• _Input records_:
:::

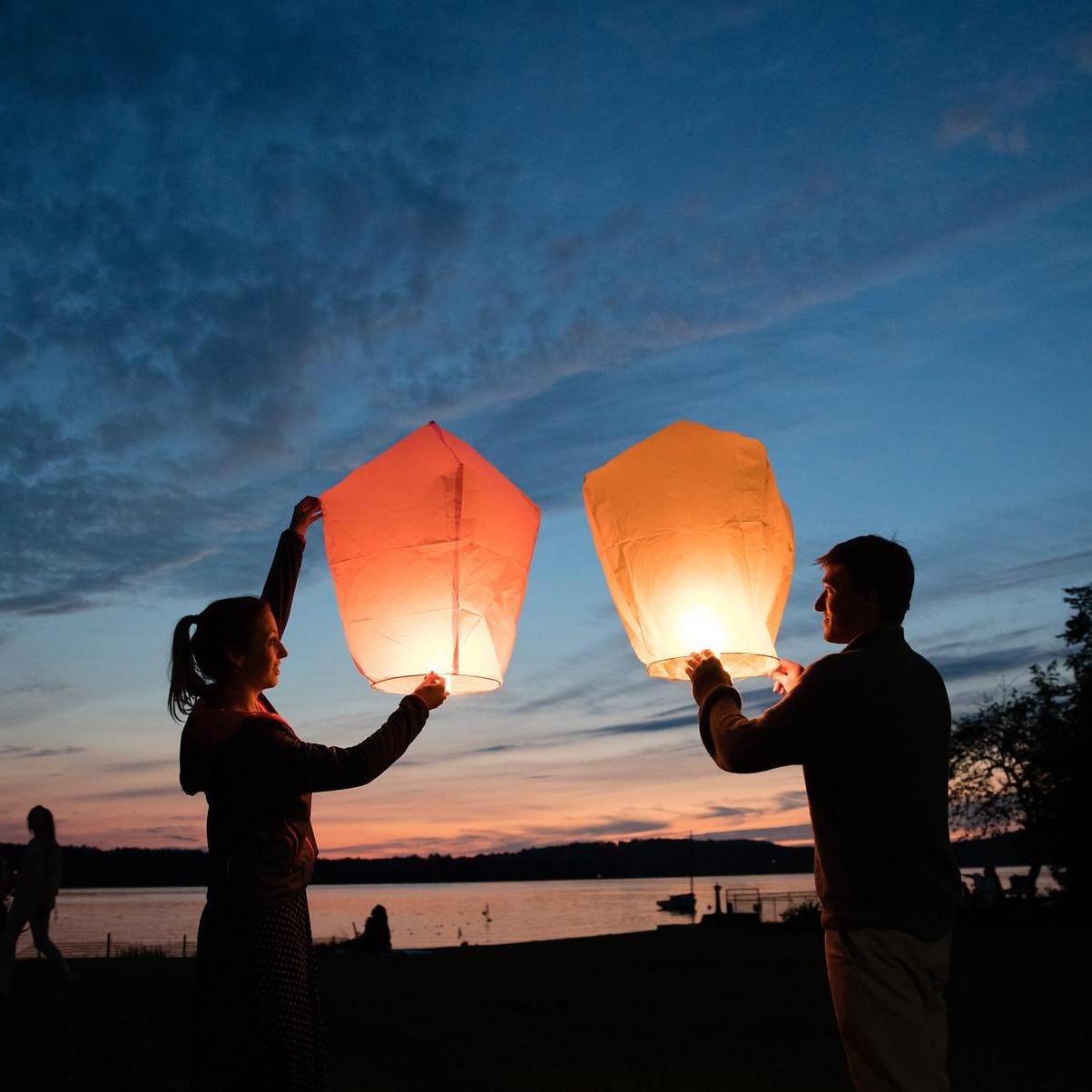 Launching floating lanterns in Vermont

:::

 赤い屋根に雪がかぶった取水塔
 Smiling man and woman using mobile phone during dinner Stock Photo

:::

Since only part of the listing is wanted, copy exactly the lines from the one holding "赤い屋根に雪がかぶった取水塔" to the one holding "Smiling man and", both included.

 赤い屋根に雪がかぶった取水塔
 Smiling man and woman using mobile phone during dinner Stock Photo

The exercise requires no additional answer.